■ AIM OF THE EXERCISE:
Output the data in full. Keep every word exact and exclude the pictures.

■ SUPPLIED DATA:
==================================================

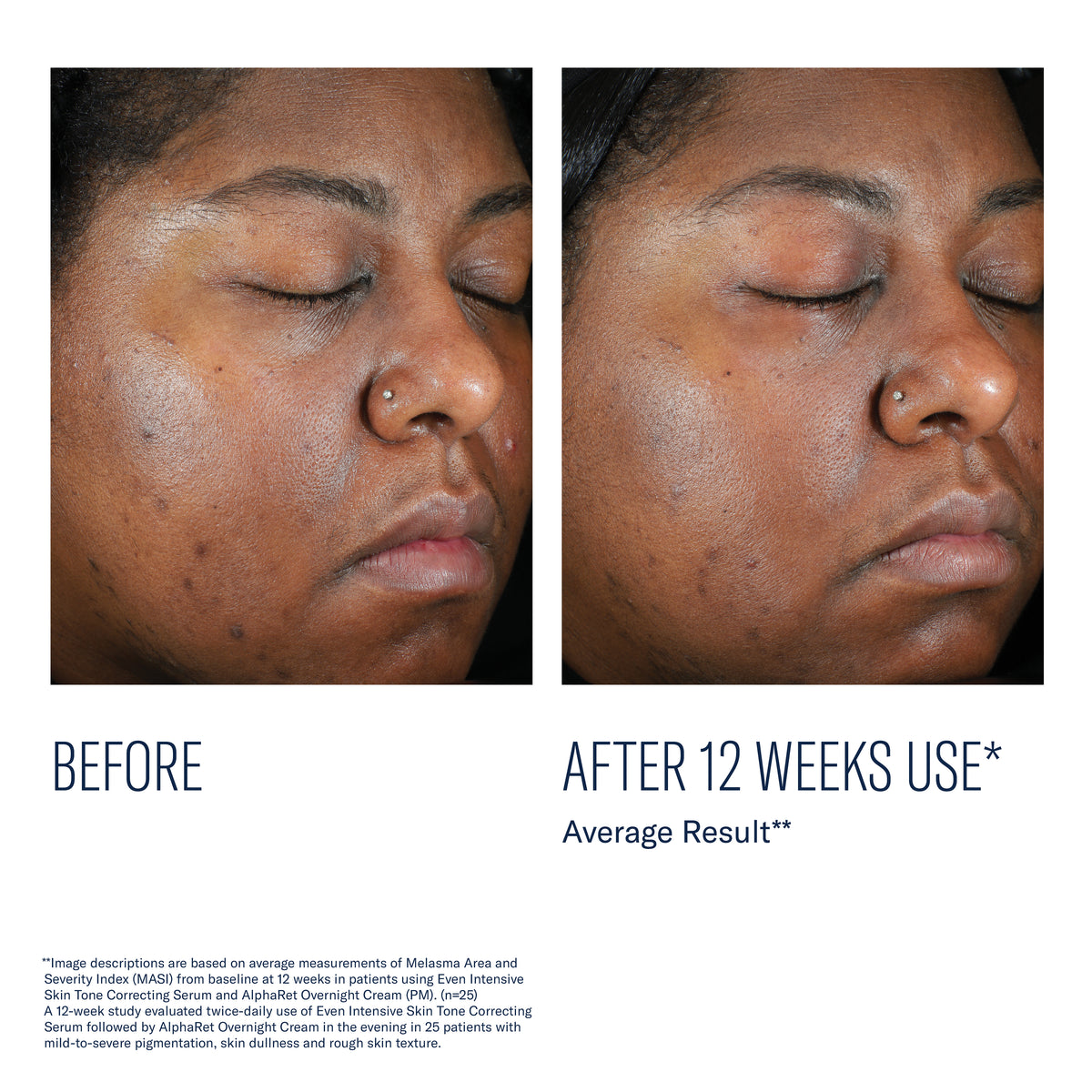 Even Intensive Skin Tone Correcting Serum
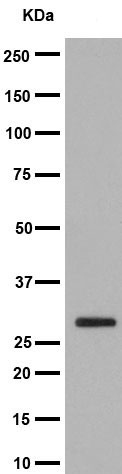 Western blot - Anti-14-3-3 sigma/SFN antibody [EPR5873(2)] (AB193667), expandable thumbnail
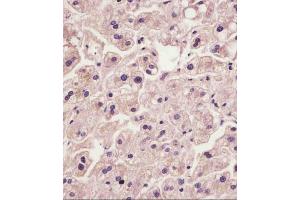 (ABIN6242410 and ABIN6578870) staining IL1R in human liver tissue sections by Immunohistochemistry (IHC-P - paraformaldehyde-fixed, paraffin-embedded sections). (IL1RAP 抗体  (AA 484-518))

==================================================

■ ANSWER SECTION:
 Even Intensive Skin Tone Correcting Serum
 Western blot - Anti-14-3-3 sigma/SFN antibody [EPR5873(2)] (AB193667), expandable thumbnail
 (ABIN6242410 and ABIN6578870) staining IL1R in human liver tissue sections by Immunohistochemistry (IHC-P - paraformaldehyde-fixed, paraffin-embedded sections). (IL1RAP 抗体  (AA 484-518))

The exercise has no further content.